Die Ermächtigungsgrundlagen für die vorgenannten VOen reichen aus, auch die Kosten für den Einzug und die Abführung von Schadensersatzforderungen abzugelten. Die Ermächtigung für den Bundesminister für Arbeit und Sozialordnung (BMA), die Vergütung für die Tätigkeit der Einzugsstellen zugunsten der Rentenversicherungsträger zu bestimmen, ist nur durch den Satz geregelt: "Die Einzugsstellen erhalten zur Abgeltung der Kosten, die ihnen durch die Einziehung und Abführung der Beiträge entstehen, eine Vergütung" (§§ 1434 Satz 1 RVO, 153 Satz 1 AVG). Die entsprechende Vorschrift für die Vergütungsregelung der BA bezieht sich ebenfalls nur auf Beiträge (§ 184 Satz 1 AFG), weist allerdings ausführlicher darauf hin, daß "alle Kosten" zu erstatten sind, die durch "die Geltendmachung von Ansprüchen auf Beiträge, sowie durch die Einziehung, Verwaltung und Abführung der Beiträge entstehen". Ferner verlangt diese Vorschrift eine pauschale Kostenerstattungsregelung des BMA. Von der Einziehung und Abführung der Beträge, die an die Stelle von nicht mehr beitreibbaren Beiträgen treten, ist in den Ermächtigungen keine Rede.

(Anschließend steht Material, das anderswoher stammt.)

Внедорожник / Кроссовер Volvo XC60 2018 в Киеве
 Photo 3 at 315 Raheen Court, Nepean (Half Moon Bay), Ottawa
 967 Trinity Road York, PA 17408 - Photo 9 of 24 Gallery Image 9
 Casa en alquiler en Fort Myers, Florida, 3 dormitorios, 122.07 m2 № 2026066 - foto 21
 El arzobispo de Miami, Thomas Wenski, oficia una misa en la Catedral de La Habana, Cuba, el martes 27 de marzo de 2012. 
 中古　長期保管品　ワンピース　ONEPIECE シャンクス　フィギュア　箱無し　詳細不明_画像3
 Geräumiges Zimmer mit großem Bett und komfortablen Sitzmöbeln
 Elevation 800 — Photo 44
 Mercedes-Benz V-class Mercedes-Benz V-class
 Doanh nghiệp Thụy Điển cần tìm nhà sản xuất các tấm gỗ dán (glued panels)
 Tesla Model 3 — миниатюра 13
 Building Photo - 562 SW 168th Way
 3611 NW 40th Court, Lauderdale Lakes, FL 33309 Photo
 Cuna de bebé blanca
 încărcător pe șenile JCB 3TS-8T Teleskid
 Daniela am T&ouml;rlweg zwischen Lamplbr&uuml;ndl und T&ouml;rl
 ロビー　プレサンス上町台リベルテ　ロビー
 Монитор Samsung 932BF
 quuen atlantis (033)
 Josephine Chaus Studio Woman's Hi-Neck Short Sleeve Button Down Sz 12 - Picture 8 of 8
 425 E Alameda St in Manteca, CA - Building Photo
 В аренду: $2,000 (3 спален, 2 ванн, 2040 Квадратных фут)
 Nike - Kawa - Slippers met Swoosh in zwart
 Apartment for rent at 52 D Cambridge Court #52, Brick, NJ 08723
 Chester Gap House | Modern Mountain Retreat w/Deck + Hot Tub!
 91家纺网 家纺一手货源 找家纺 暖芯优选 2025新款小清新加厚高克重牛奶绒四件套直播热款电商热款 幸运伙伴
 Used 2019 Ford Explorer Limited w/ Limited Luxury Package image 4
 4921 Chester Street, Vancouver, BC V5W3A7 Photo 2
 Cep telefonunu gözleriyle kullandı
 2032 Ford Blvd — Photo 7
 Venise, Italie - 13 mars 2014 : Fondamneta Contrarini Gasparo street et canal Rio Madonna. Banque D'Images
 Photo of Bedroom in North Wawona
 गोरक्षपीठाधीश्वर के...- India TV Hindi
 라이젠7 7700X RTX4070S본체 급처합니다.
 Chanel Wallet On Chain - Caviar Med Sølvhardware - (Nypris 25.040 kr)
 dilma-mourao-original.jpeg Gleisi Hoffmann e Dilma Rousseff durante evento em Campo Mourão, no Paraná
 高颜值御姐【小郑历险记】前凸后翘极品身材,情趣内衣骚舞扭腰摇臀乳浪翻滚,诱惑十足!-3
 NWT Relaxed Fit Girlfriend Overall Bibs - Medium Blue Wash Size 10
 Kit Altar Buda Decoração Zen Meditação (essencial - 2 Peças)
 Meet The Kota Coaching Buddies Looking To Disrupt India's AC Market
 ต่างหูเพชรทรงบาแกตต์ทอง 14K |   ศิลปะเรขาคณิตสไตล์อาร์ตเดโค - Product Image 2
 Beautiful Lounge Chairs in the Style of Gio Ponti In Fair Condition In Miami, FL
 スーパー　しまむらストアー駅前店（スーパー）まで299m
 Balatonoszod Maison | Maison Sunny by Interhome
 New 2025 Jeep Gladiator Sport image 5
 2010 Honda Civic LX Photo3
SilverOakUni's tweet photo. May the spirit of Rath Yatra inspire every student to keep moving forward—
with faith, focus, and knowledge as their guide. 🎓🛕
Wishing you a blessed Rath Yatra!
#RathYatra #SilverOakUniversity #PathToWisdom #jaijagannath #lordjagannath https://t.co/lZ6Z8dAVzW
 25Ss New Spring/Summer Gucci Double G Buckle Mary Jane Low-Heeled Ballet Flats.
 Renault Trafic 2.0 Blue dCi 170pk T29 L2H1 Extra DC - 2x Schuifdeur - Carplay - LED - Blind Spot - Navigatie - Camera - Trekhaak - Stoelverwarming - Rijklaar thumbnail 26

Die nach Art 80 Abs 1 Satz 2 Grundgesetz (GG) gebotene Bestimmtheit der Ermächtigungsgrundlage nach Inhalt, Zweck und Ausmaß verlangt, daß, wenn schon nicht ausdrücklich, so doch sinngemäß mit hinreichender Deutlichkeit klargestellt wird, wie weit die übertragene Regelungsbefugnis geht (BVerfGE 2, 307, 334 f; 15, 153, 160 f). Da indessen für die Auslegung von Ermächtigungsnormen die allgemeinen Auslegungsregeln gelten (vgl BVerfGE 38, 348, 357 f mit Nachweisen), meint der Senat jedoch erkennen zu können, daß mit Beiträgen auch die Schadensersatzforderungen gemeint sind, die gegenüber denjenigen Personen entstehen, die die Einziehung der Beiträge vereitelt haben. Bei der Auslegung der Verordnungsermächtigung ist davon auszugehen, daß diese Ermächtigung ersichtlich auf die gesetzliche Einziehungs- und Abführungsermächtigung der Einzugsstellen Bezug nimmt: Es sollen die Kosten erstattet werden, die dadurch entstehen, daß die Einzugsstellen von ihrer Ermächtigung Gebrauch machen. Die Ermächtigung des BMA geht soweit, wie die Einzugsstellen ihre Ermächtigung ausschöpfen können.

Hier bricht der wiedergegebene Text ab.